La discusión se centró en quienes debían aportar al denominado Fondo Verde para el Clima, cuánto debería ser el monto global de ese aporte a partir del año 2020, en qué se deberían usar esos fondos y qué naciones deberían ser las beneficiarias. Está claro que los mayores aportantes de ese monto de 100,000 millones de dólares propuesto deben ser los países altamente industrializados y también los llamados BRICS cuyo desarrollo ha costado y cuesta al planeta millones de hectáreas deforestadas, trillones de litros de agua contaminados en ríos y mares, y otros trillones de toneladas de metano y dióxido de carbono que han ido a engrosar la frazada que tiene la Tierra en su frontera con el espacio exterior. Sin embargo, la tacañería de los industrializados ha hecho que al finalzar la COP20 apenas se hayan logrado compromisos por 10,200 millones de dólares, es decir, el 10% del monto global.

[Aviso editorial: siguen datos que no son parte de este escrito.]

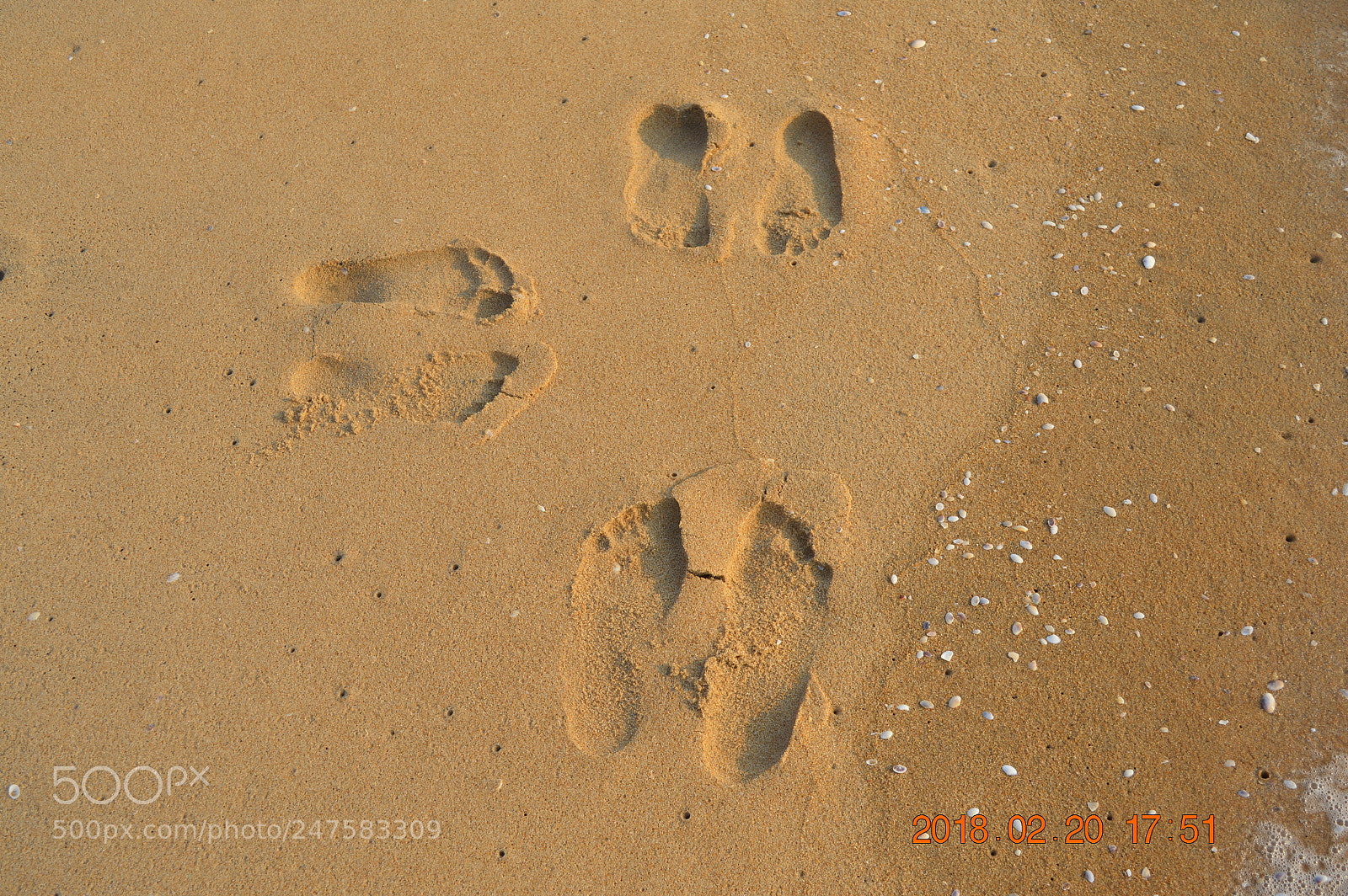 Nikon D3200 sample photo. Untitled photography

Tal vez dentro de unos cinco años más la cifra global pueda lograrse, pero lo grave del asunto es que los informes científicos señalan que el costo de la adaptación al cambio climático de los países menos desarrollados en términos de inversiones alcanzarán los 500,000 millones de dólares hacia el 2050, año en que la temperatura del planeta aumentará entre 1.4ºC a 3ºC según los expertos, si es que no se toman medidas urgentes y eficaces para detener el calentamiento global. Ese incremento sostenido de la temperatura en los próximos 40 años puede derretir Groenlandia como viene ocurriendo ahora con inmensos bloques de hielo en el Ártico y con los glaciales que se encuentran en el Perú, todo lo cual traerá efectos más funestos como el incremento del nivel del mar con la subsecuente desaparición de centenares de ciudades costeras,  y el ocaso o la reducción ostensible del caudal de los ríos en las vertientes occidental y oriental de los Andes que afectará en grados insospechados toda forma de vida.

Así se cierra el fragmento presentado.